Write the records out exactly as they read, but not the pictures.

[Entries taken from a collection]
++++++++++++++++++++

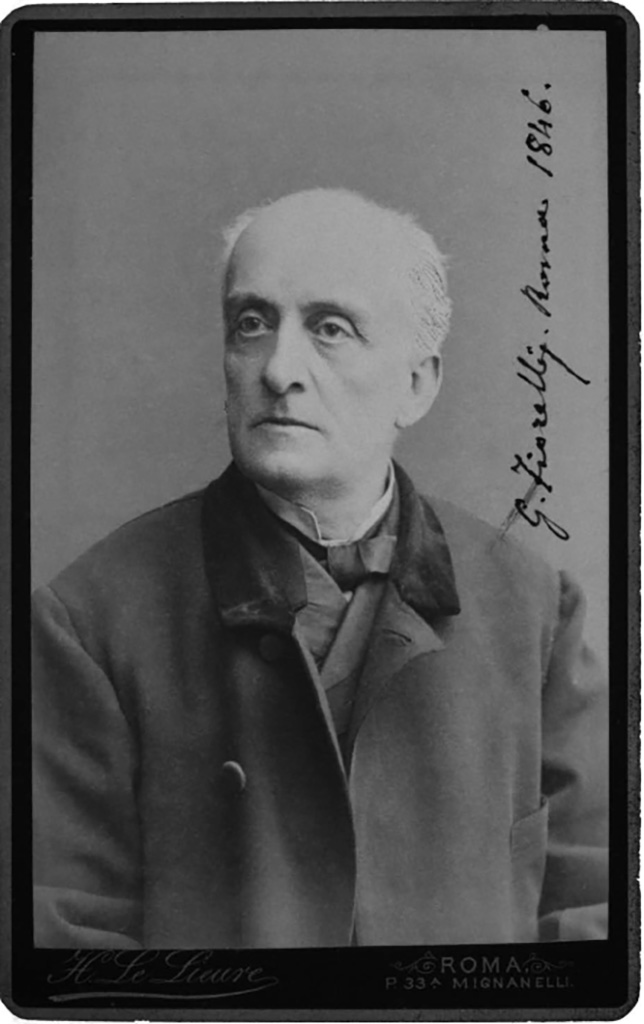 Larario dei Pompeianisti. Pompeii. Photo of Giuseppe Fiorelli (7 June 1823 – 28 January 1896) by Henri Le Lieure.
The handwritten date would seem to be wrong.
In 1870 Le Lieure moved to Rome, following the Royal family and the Parliament, so the photo should be after that date.
DAIR A.451. Photo © Deutsches Archäologisches Institut, Abteilung Rom, Arkiv.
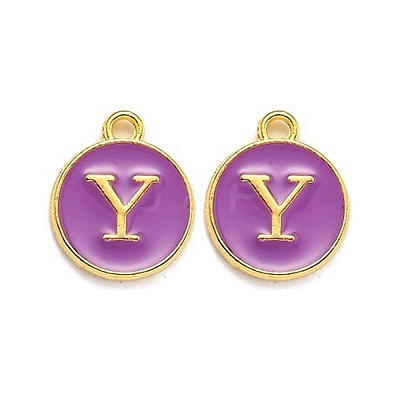 Golden Plated Alloy Enamel Charms ENAM-Q437-12Y-1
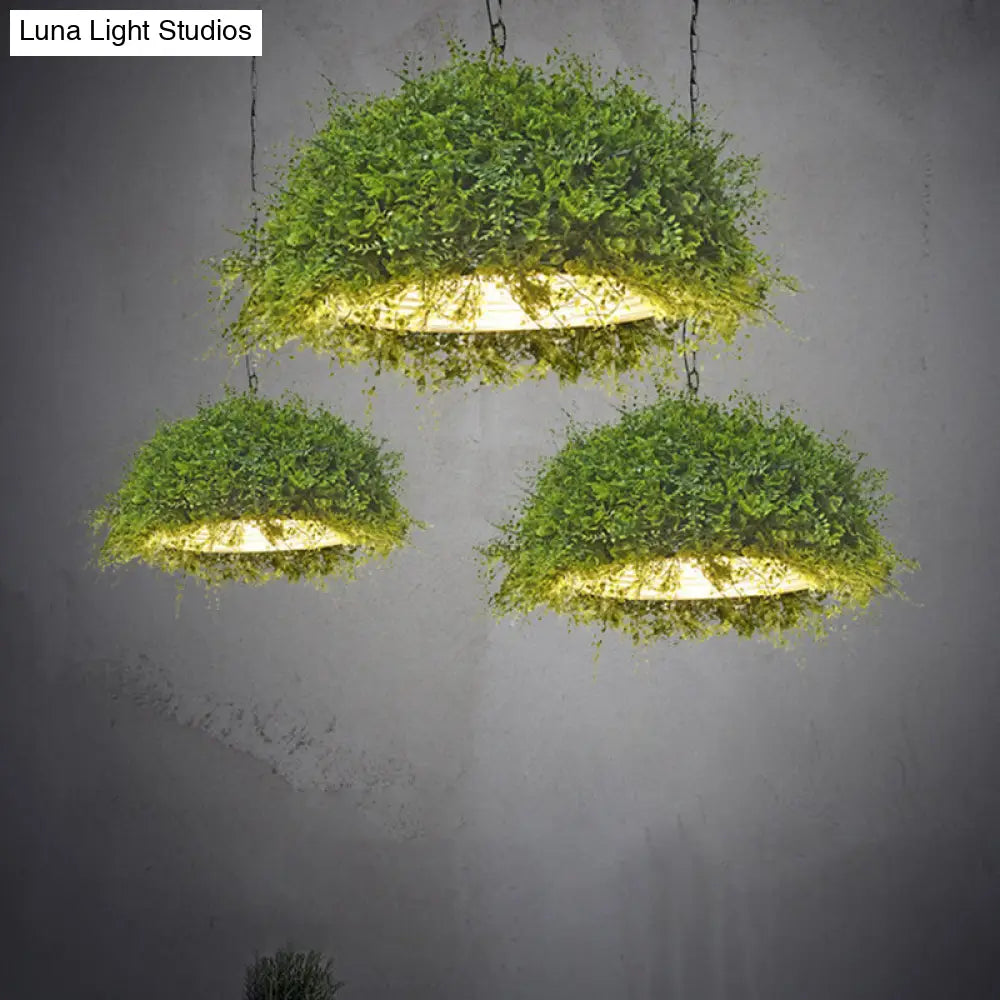 Retro Green Dome Pendant Light With Iron Suspension And Plant Decor For Restaurant Ceiling - 1 Bulb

++++++++++++++++++++

#### WRITTEN ANSWER:
 Larario dei Pompeianisti. Pompeii. Photo of Giuseppe Fiorelli (7 June 1823 – 28 January 1896) by Henri Le Lieure.
The handwritten date would seem to be wrong.
In 1870 Le Lieure moved to Rome, following the Royal family and the Parliament, so the photo should be after that date.
DAIR A.451. Photo © Deutsches Archäologisches Institut, Abteilung Rom, Arkiv.
 Golden Plated Alloy Enamel Charms ENAM-Q437-12Y-1
 Retro Green Dome Pendant Light With Iron Suspension And Plant Decor For Restaurant Ceiling - 1 Bulb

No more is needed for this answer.